* [REQUIRED ACTION]: Copy the opening lines of the listing exactly, through and including the line with "42cm Lifelike Newborn"; do not copy any pictures.

[[ RECORDED INFORMATION open ]]

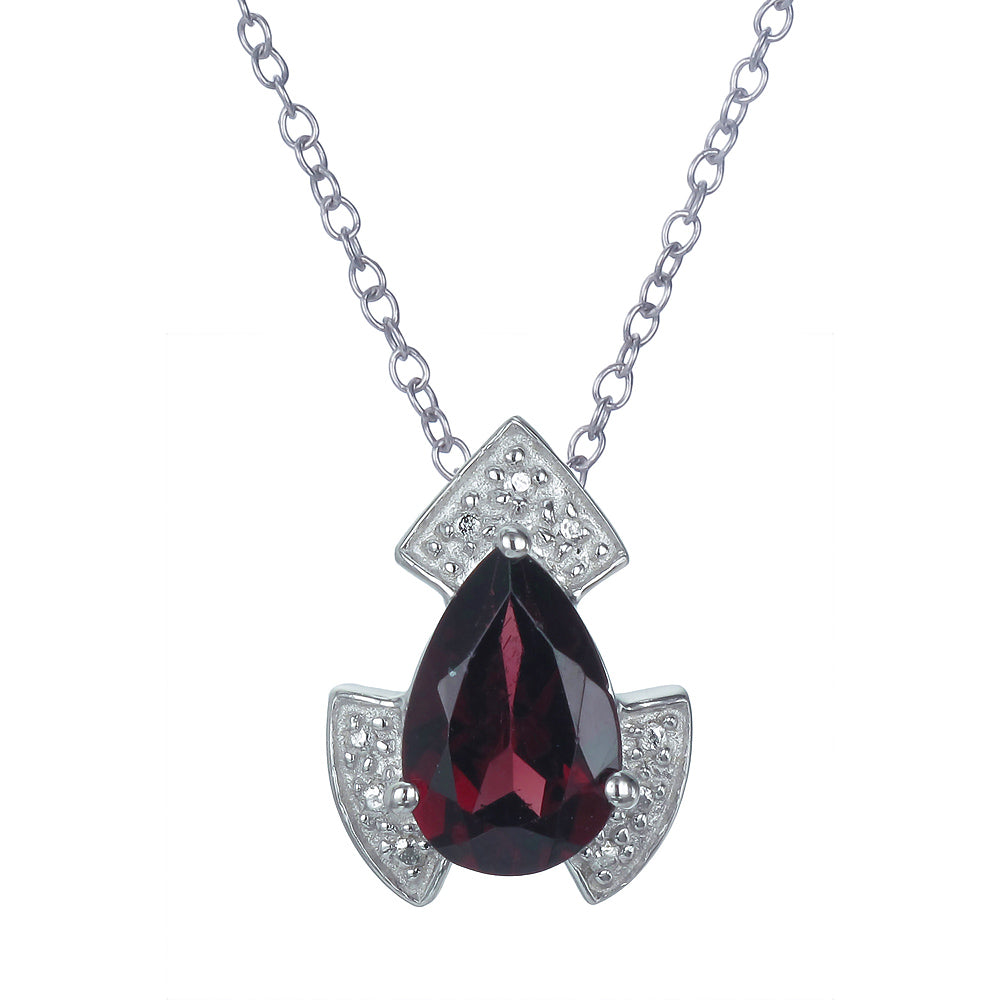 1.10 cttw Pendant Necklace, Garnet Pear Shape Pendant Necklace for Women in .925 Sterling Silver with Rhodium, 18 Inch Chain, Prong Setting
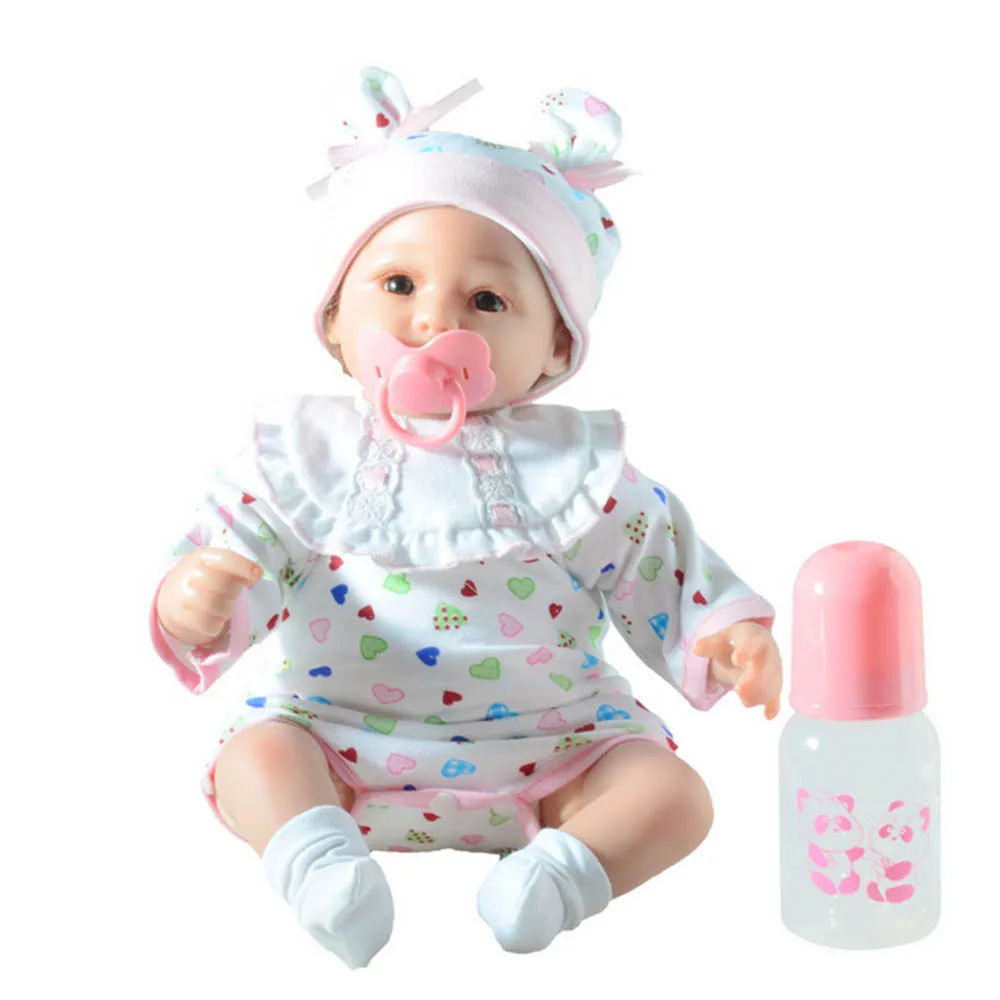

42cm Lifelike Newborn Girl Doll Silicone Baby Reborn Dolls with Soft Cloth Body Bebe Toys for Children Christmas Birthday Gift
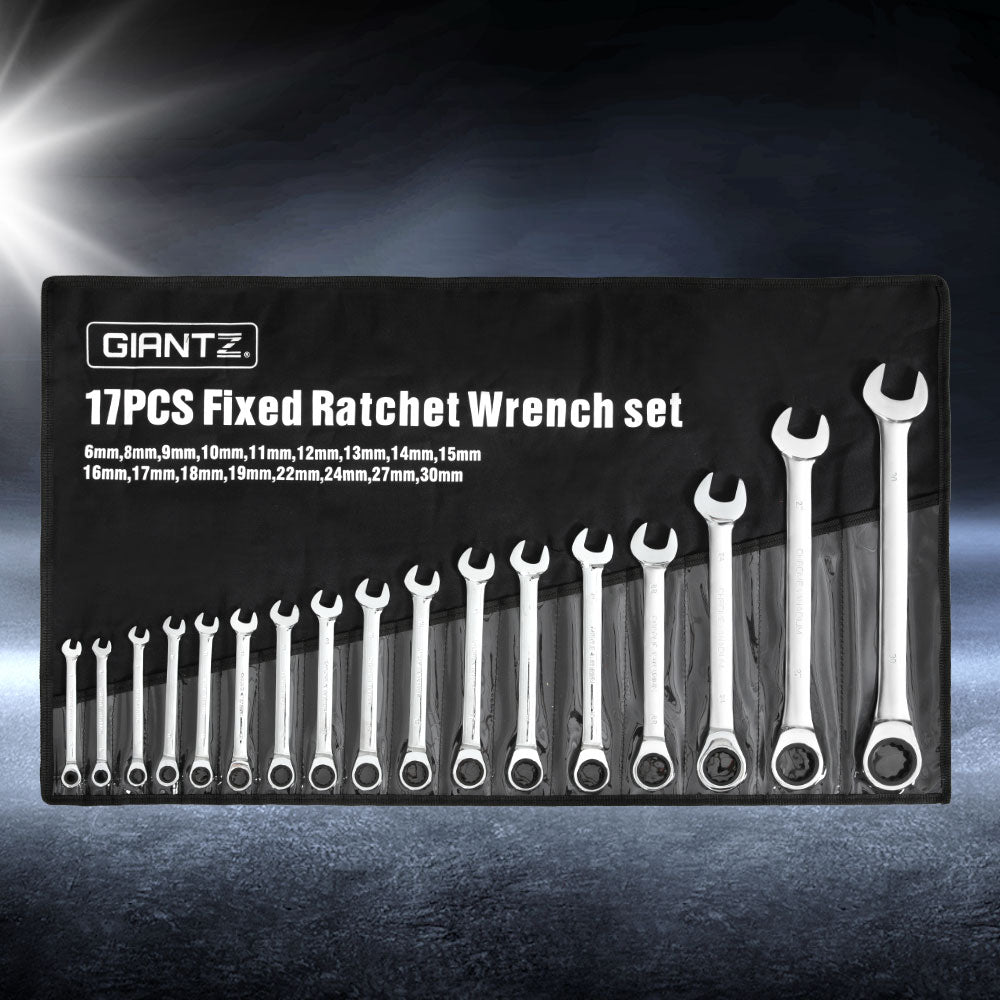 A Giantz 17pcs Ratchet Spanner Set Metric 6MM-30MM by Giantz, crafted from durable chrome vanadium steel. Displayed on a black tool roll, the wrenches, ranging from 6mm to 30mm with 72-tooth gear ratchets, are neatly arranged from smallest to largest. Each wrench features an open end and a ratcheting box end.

[[ RECORDED INFORMATION closed ]]

* [SOLUTION FOR THIS PROBLEM]:
 1.10 cttw Pendant Necklace, Garnet Pear Shape Pendant Necklace for Women in .925 Sterling Silver with Rhodium, 18 Inch Chain, Prong Setting

42cm Lifelike Newborn Girl Doll Silicone Baby Reborn Dolls with Soft Cloth Body Bebe Toys for Children Christmas Birthday Gift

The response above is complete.